Three stages of editing
There are three main stage of editing:
·         The global / structural edit
·         The writing edit
·         The copy edit

The global edit
Often, when selected stories for an anthology there is little to do here. You’ve chosen this story precisely because it’s pretty well there and to your taste. Nevertheless you may have spotted:
·         There are too many characters – can a couple be amalgamated?
·         The story resolves too easily or too dramatically. This happens frequently. It’s one of the hardest things to get right.
·         A character may not be fully developed, believable or rounded or may act out of character. Or when they speak they may not sound like themselves.
In addition, you might find that you’ve noticed a fault that the writer makes throughout, for example:
·         Not setting dialogue out correctly
·         Using colons / semicolons too often
·         Overuse a particular phrase
When we conduct this particular edit, we tend to use the review ribbon and the comment function within “Track Changes.” We’re not annotating the text a lot.

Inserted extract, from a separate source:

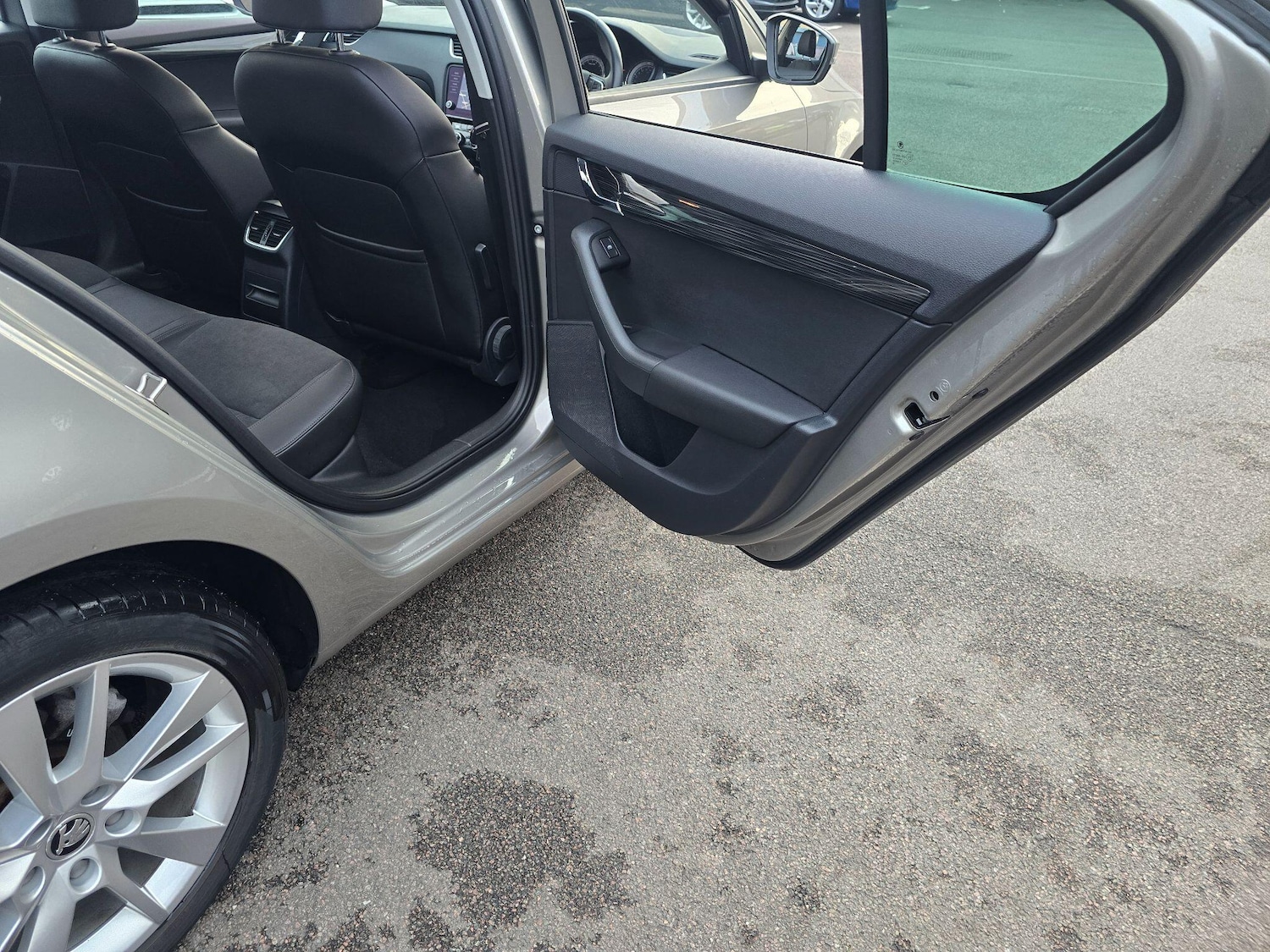 Used Skoda Octavia 2018 for sale - 77203959: Photo 57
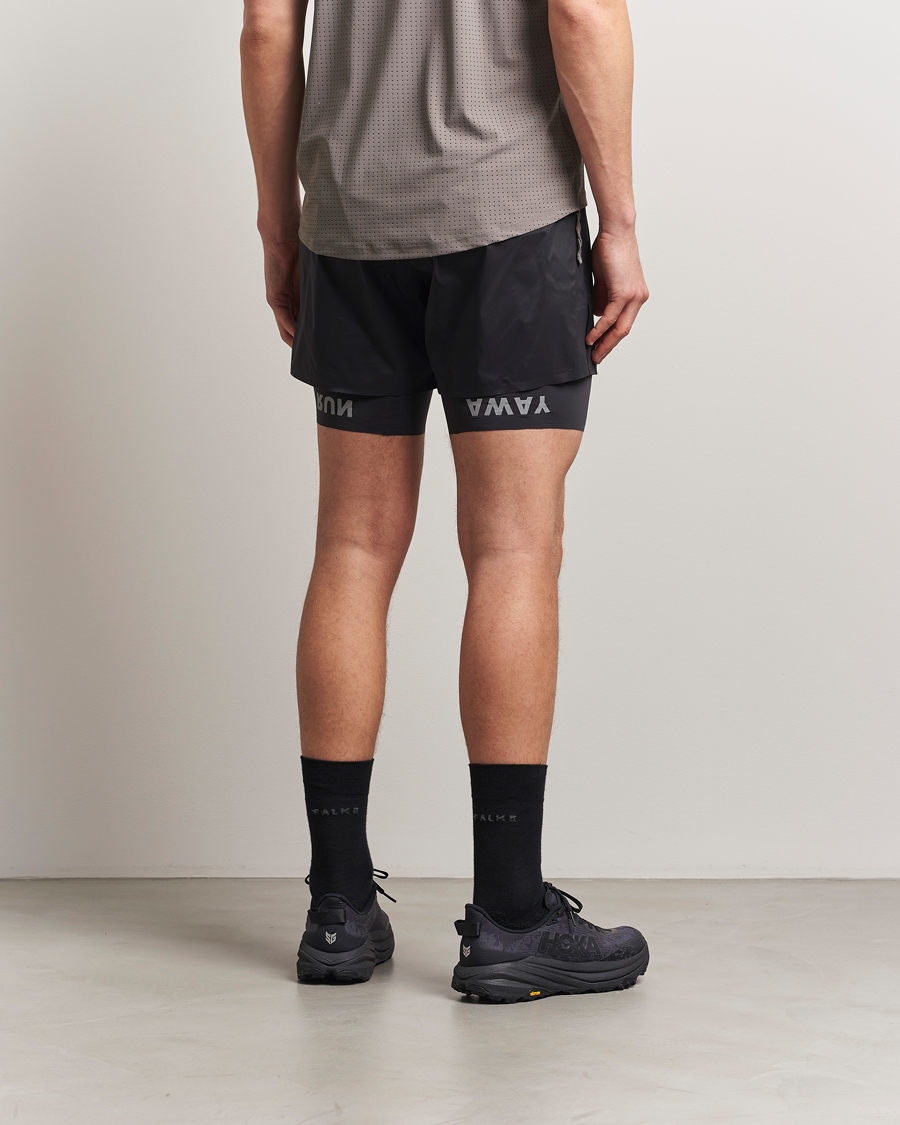 Uomini | Pantaloncini | Satisfy | TechSilk 8 Inch Shorts Black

Often the comments will be made in question form, for example:
“Would he really speak like that?
“Don’t you think all of these new characters might be a bit confusing for your reader in such a short story?” 
“The resolution’s a little weak. Could you make one more nasty thing happen before the story resolves?”

The writing edit
Yes, this is where we’re looking at the actual writing.
So it will be:
·         Is the writer telling where they could be showing?
·         How is point of view handled?
·         Is the pace right? Does it vary?
·         Is there enough tension?
·         Is there a good balance of narratives – exposition (the less the better), dialogue, action, description and inner monologue?
·         Does the dialogue work? Can we hear the speaker’s voice? Remember it must always show character, propel the plot forward or create atmosphere and it’s actually great if it can do all three at once.  
·         Are there any clichés we can do away with?
·         Are there any darlings we can kill?
·         Is the voice consistent and appropriate?
Again, we use the “review” tool and mainly use the comment function. Sometimes it’s still appropriate to ask questions.

The copy edit
We’re more or less down now to what might be described as “word” level. Here we spot the typos, odd or wrong use of words, punctuation mistakes, overwriting, run-on sentences, overlong or too short paragraphs and formatting mistakes. There’s little point in checking any of this before the other edits have been completed as new errors may be introduced.
Here we use a mixture of comments and Track Changes. For punctuation mistakes,   typos and formatting problems we’d go straight to Track Changes. We’d comment on run-ons, overwriting, paragraphs that don’t work and clumsy expression.
It’s useful if the author hides the changes and only look at them if their text doesn’t feel right. Otherwise they may agonise over what is actually only a minor change but

The proof read
We do this after the book is “camera ready” in case formatting problems have crept in. They sometimes do as the Word document is turned into something the digital printer recognises.   
We get three people to proofread – the author, the editor and one other.